From: "glen herrmannsfeldt" <[email protected]> Sent: Tuesday, 30 August 2011 6:14 PM
The book "Computer Architecture: Concepts and Evolution" by Blaauw and Brooks has many descriptions on how instructions got to be the way they did. The book covers a wide variety of machines, though S/360 is a favorite example. (Blaauw was the main designer of S/360, so it isn't so surprising.) There is a small description of EDIT in section 5.1.3. They trace back to "Store for Print" on the 702. Then explain that EDIT
The instruction is ED, not EDIT,; its companion is EDMK.

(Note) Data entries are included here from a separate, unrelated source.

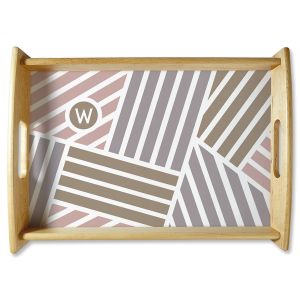 Custom Initialed Stripe Natural Wood Serving Tray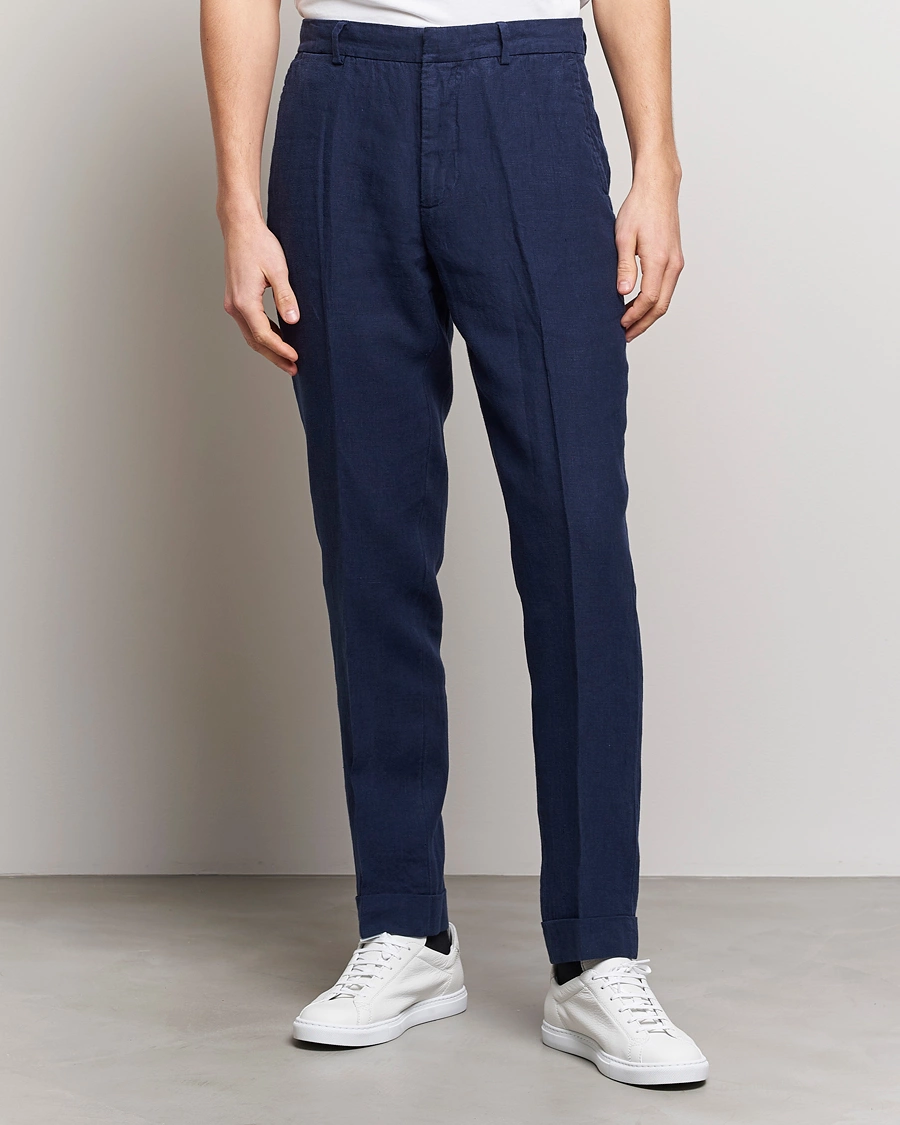 Herre | Polo Ralph Lauren | Polo Ralph Lauren | Linen Pleated Trousers Navy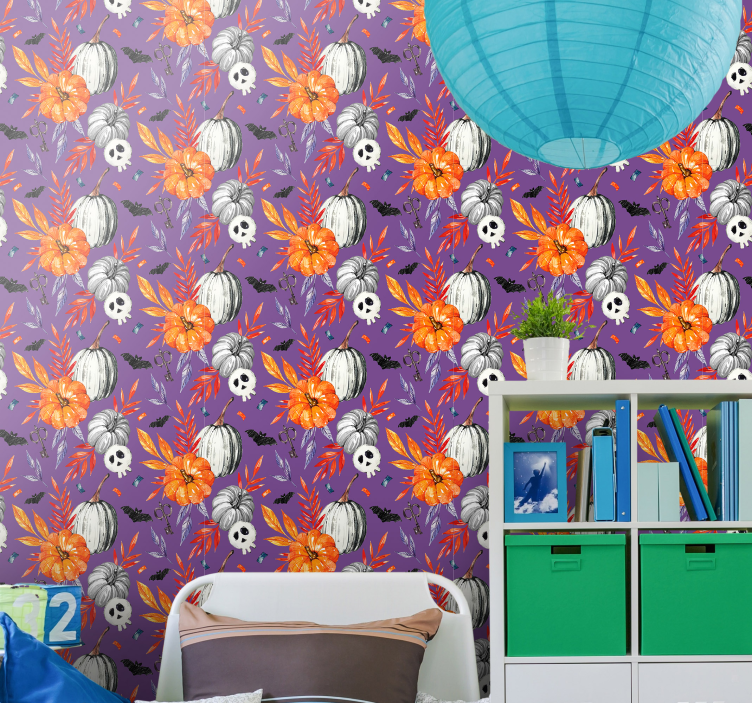 Lilla baggrund med græskar tapet - TenStickers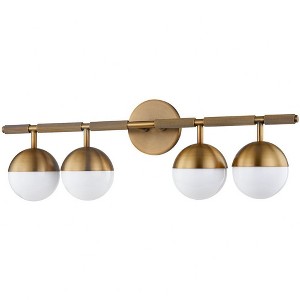 Troy Lighting Enson 4 - Light Vanity in  Patina Brass Opal Shade - 1 of 1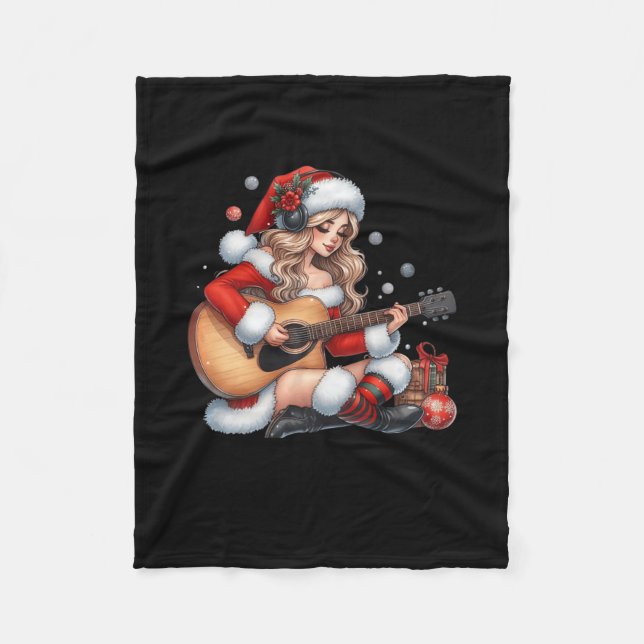 Santa Girl Playing Guitar Fun Christmas Music Love Fleece Blanket (Front)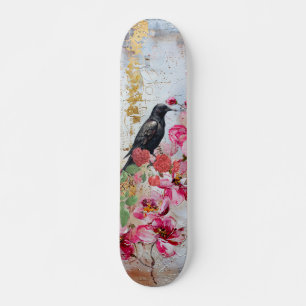 Gestresste rosa Florals Raven & Roses Skateboard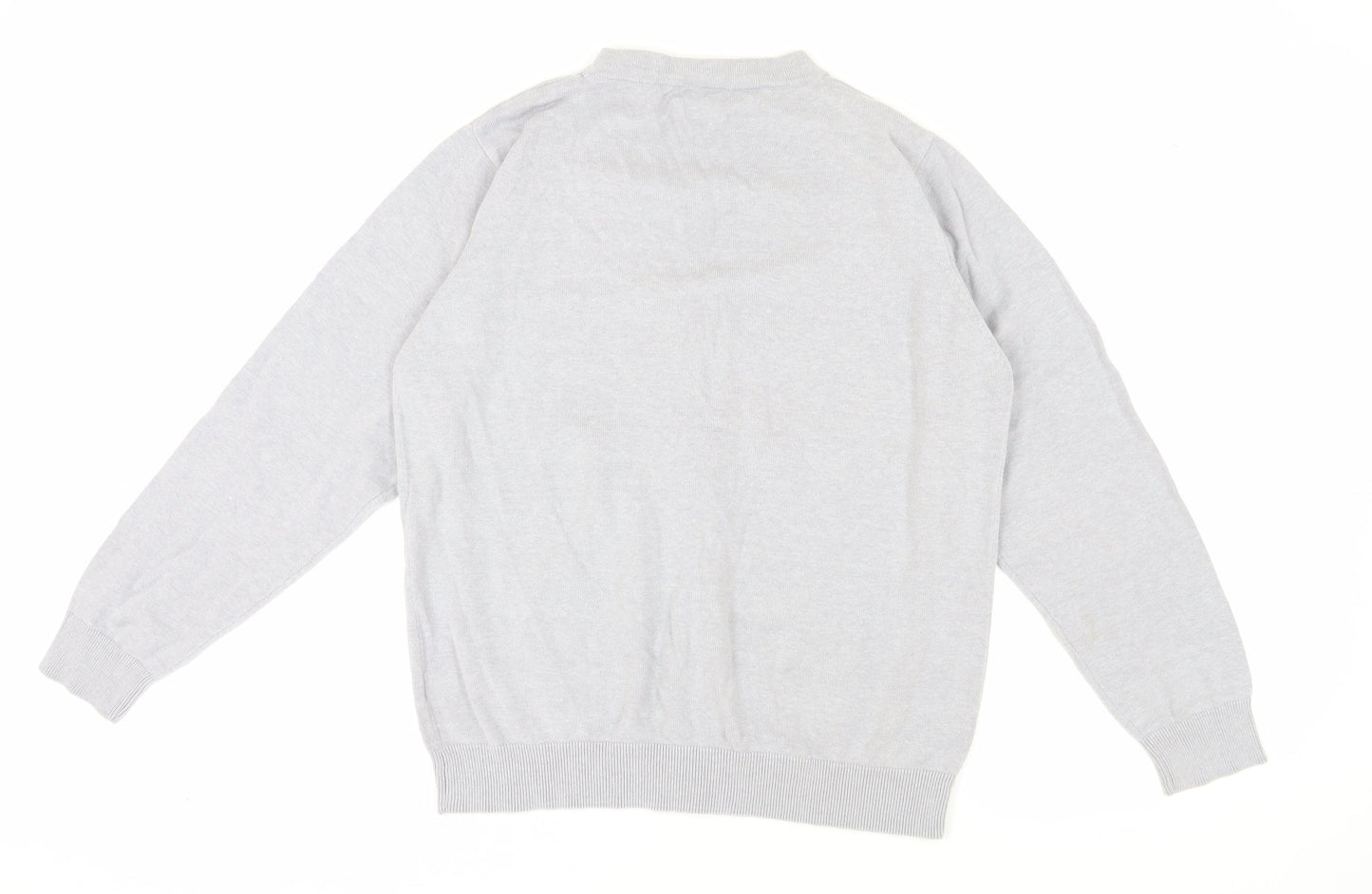 Cotton Traders Men's Grey Cardigan, Size L, V-Neck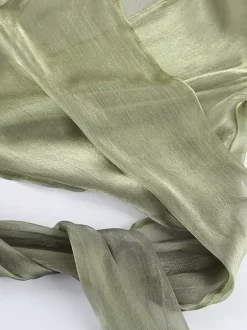 Blouse For Women Green Cropped V-Neck Elegant Long Sleeves Tops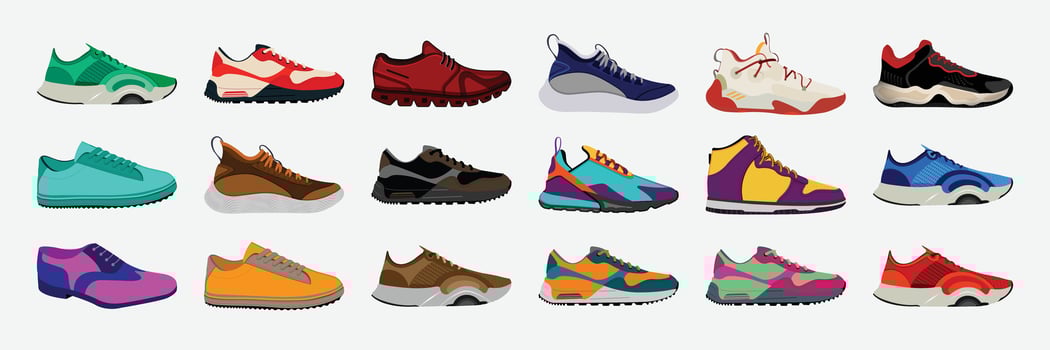 Collection of realistic sneakers of different types. Sports shoes in detailed style. vector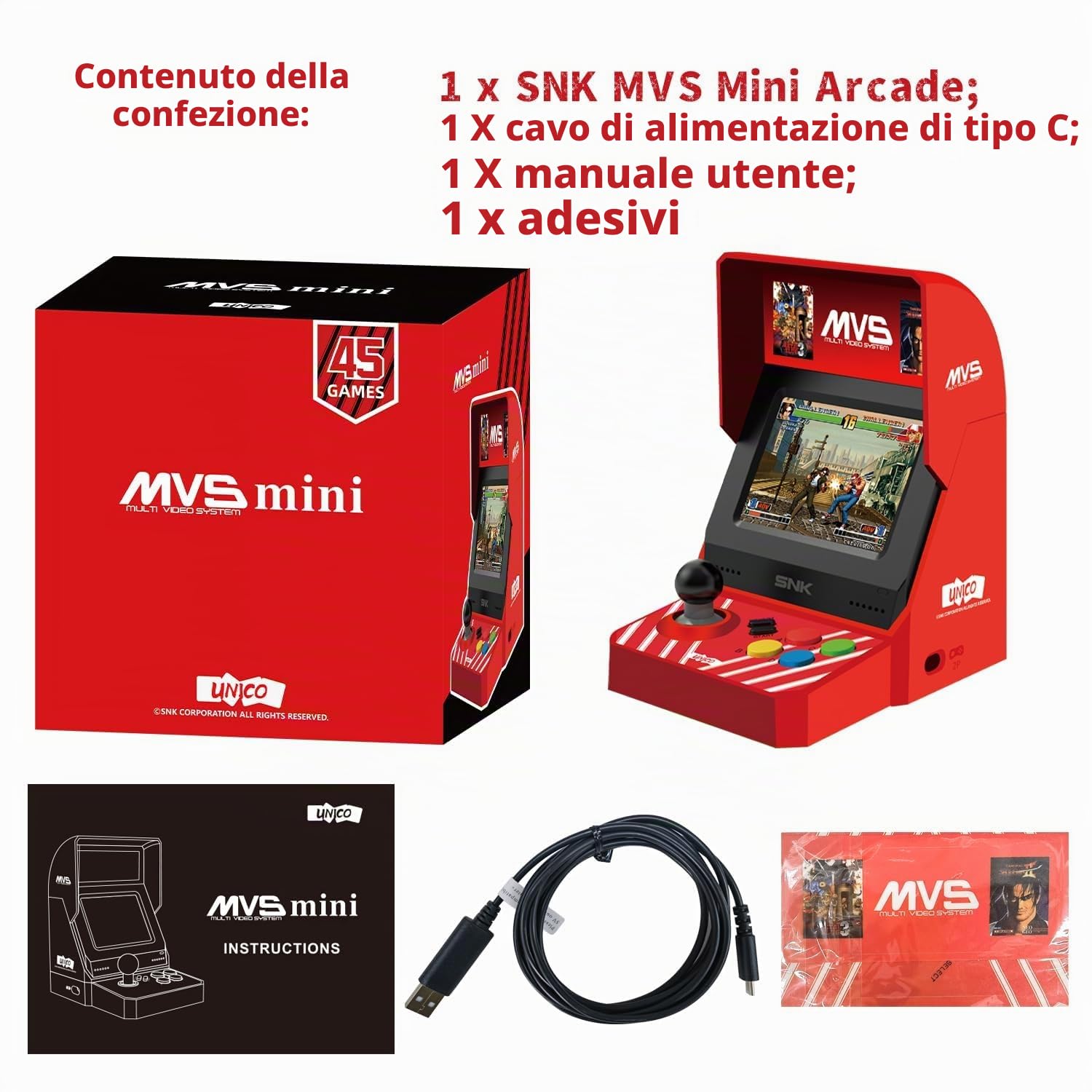 UNICO MVS Mini Arcade, 45 Gmeas Classici con Licenza SNK, Tra cui The King of Fighters, Metal SLUG ecc., Supporta Uscita HDMI per Schermo Grande / 2 Porte per Gamepad / Regali per Adulti e Bambini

is rarely used by COBOL or Fortran for print conversions,
That's probably because the instruction was optional on the small early models of S/360 and the software was written to use basic instructions. Nevertheless, there's no reason for not using it, because the small machines that didn't have those instructions have long since passed to computer heaven. That said, I understand that IBM 360 compilers didn't use TRT, which IIRC was a standard instruction. BTW, EDMK was used for all decimal output in the optimising XPL compiler.
and that it is best that it should be left out of instruction sets.
A bad recommendation, because so much is done by ED and EDMK, and with little effort and even less overhead compared with alternatives.
If you like asking questions like that, especially for a variety of different machines, you should get the book.
I wouldn't bother, if that is the level of its advice.